I’m working on a server application and I’m fiddling with the database design at the moment, trying different ideas. It’s been a long time since I did any database design work (the Continua CI schema back in 2012) so I’m a bit rusty!
In the past I have usually normalised the tables (ie used relationships rather than duplicate data) - the benfits are
- Data integrity
- Data size
The downsides are
- it’s a pain to work with - joins and more joins and more…
- performance - all those joins slow things down.
Since this application will be heavily skewed towards reads (search) I’m leaning towards denormalising a bit (at the moment it’s completely normalised).

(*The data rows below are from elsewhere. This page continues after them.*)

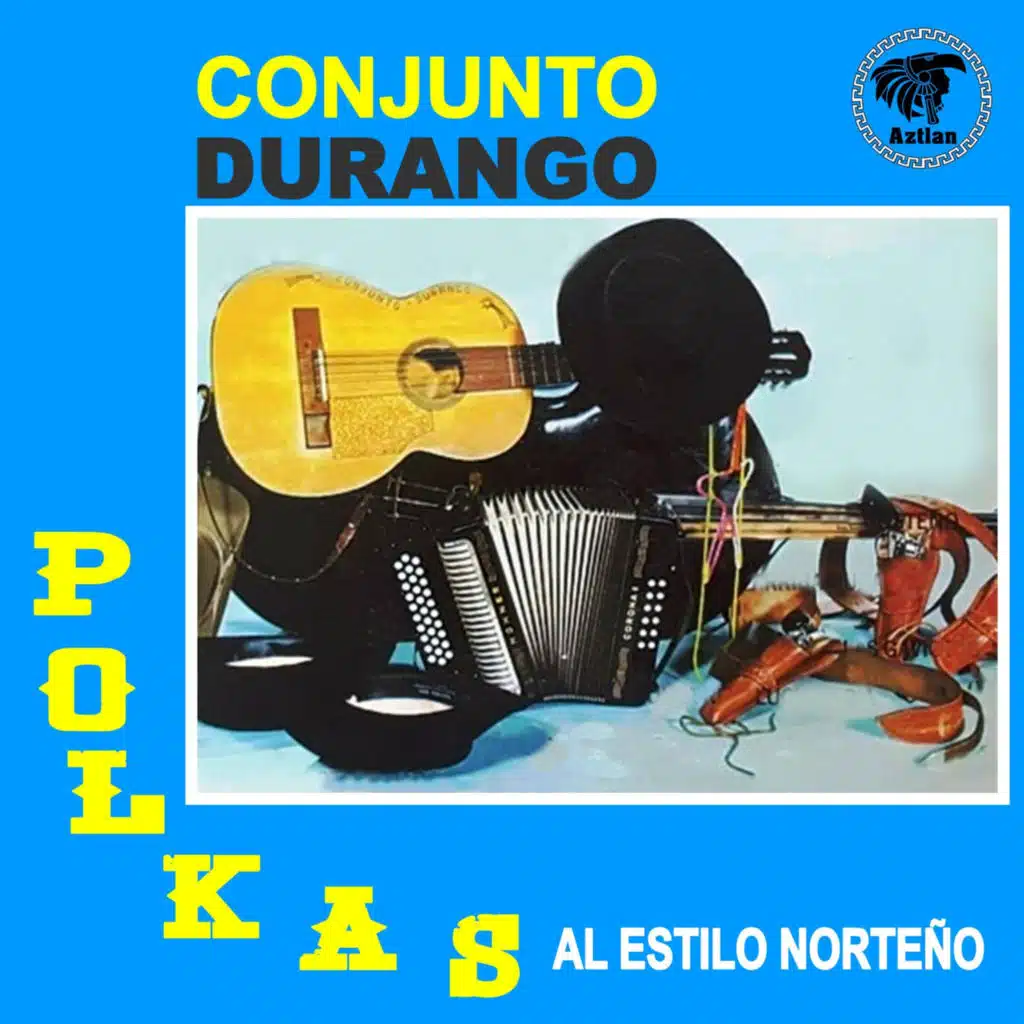Conjunto Durango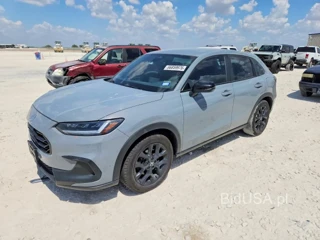HONDA HR-V SPORT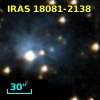 IRAS 18081-2138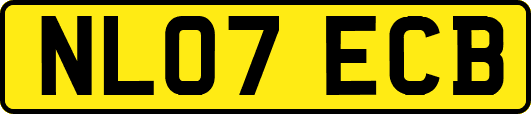 NL07ECB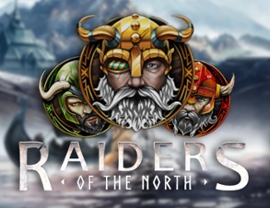 Raiders Of The North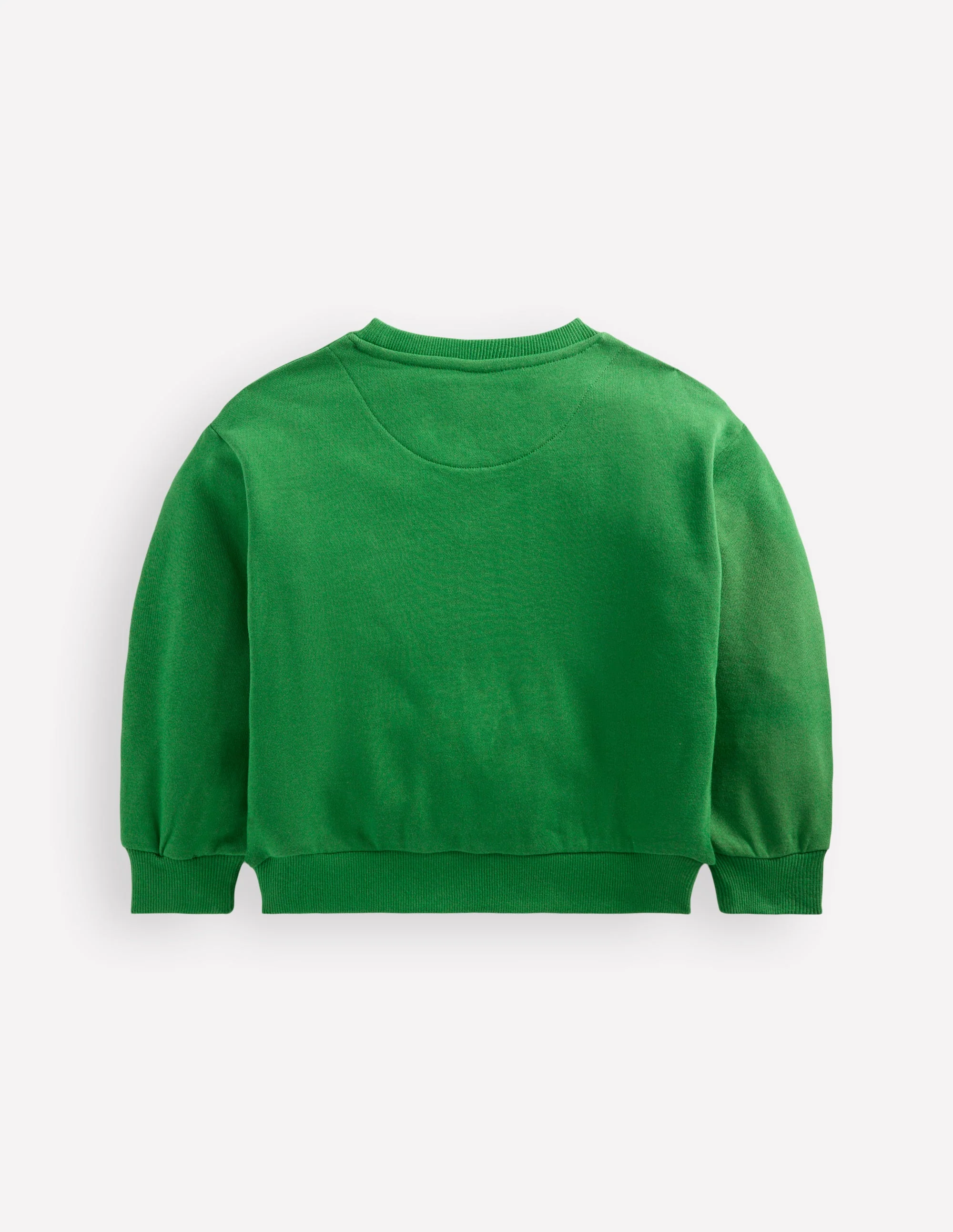 Fun Sweatshirt-Multi Animal Faces - Image 6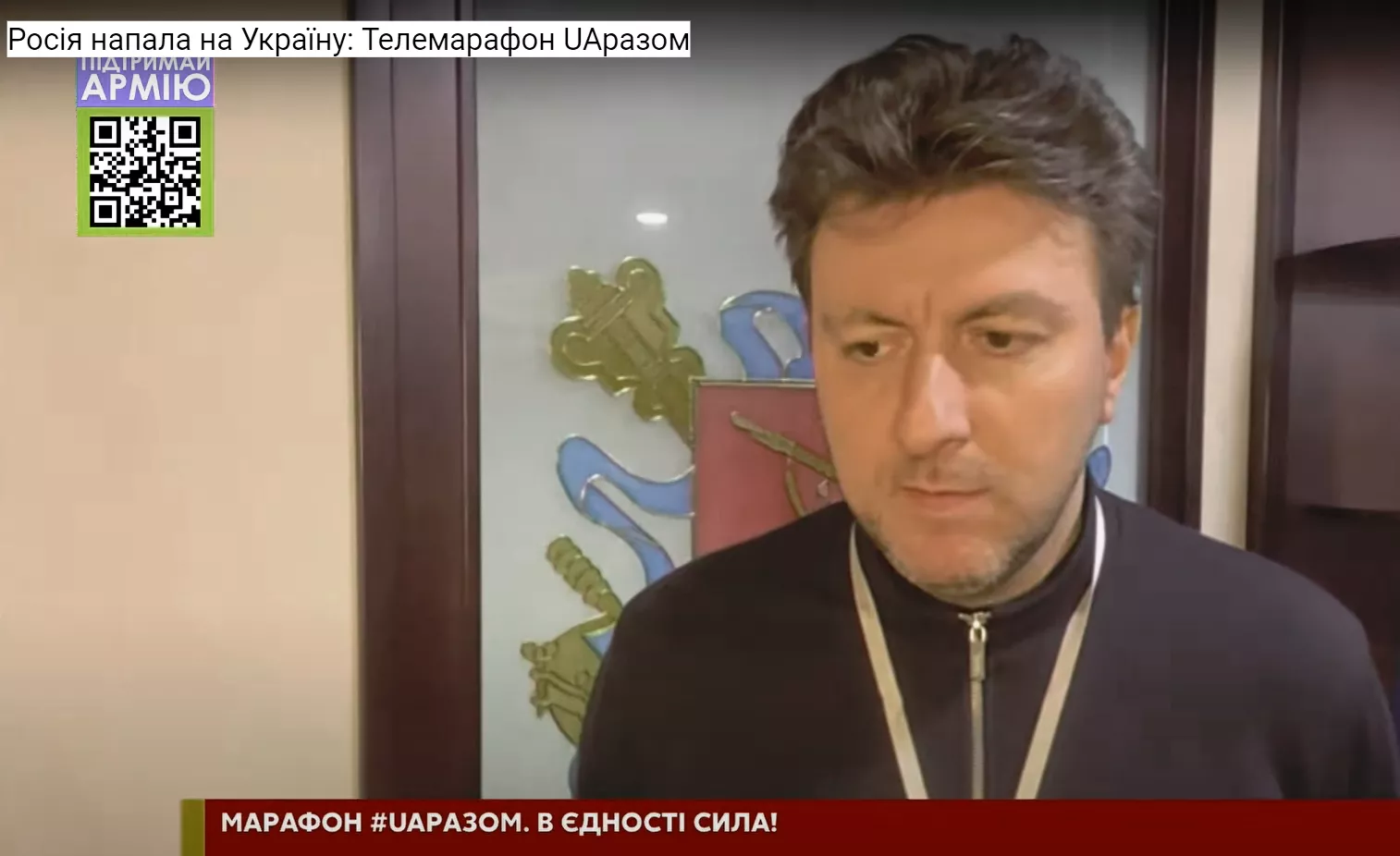 У Бердянську окупанти переслідують журналістів та активістів  &ndash;  голова Запорізької ОДА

There will be inserts of course but very little in the way of updates (initial processing after which the data doesn’t change).
FWIW, this is for my package manager project, the tables look like this (well the ones that matter)
Package (name) → PackageTargetPlatform (compiler, platform) → PackageVersion(version, meta data etc)
Right now in testing there are only 36 rows in the Package table, a few hundred in the PackageTargetPlatform table - the PackageVersion table has 6500 rows - the explosion comes from the combinations of compiler version, platform and package versions (13 compiler versions, win32/64/mac/andriod etc). So the PackageVersion table has he potential to blow out to quite a few rows over time.
Using Postgresql 13 FWIW (have used it for years with Continua CI).
I obviously need to do some testing with the different options, but I’m wondering what others do? How far do you go with denormalising (if at all) and how do you manage data integrity if you do.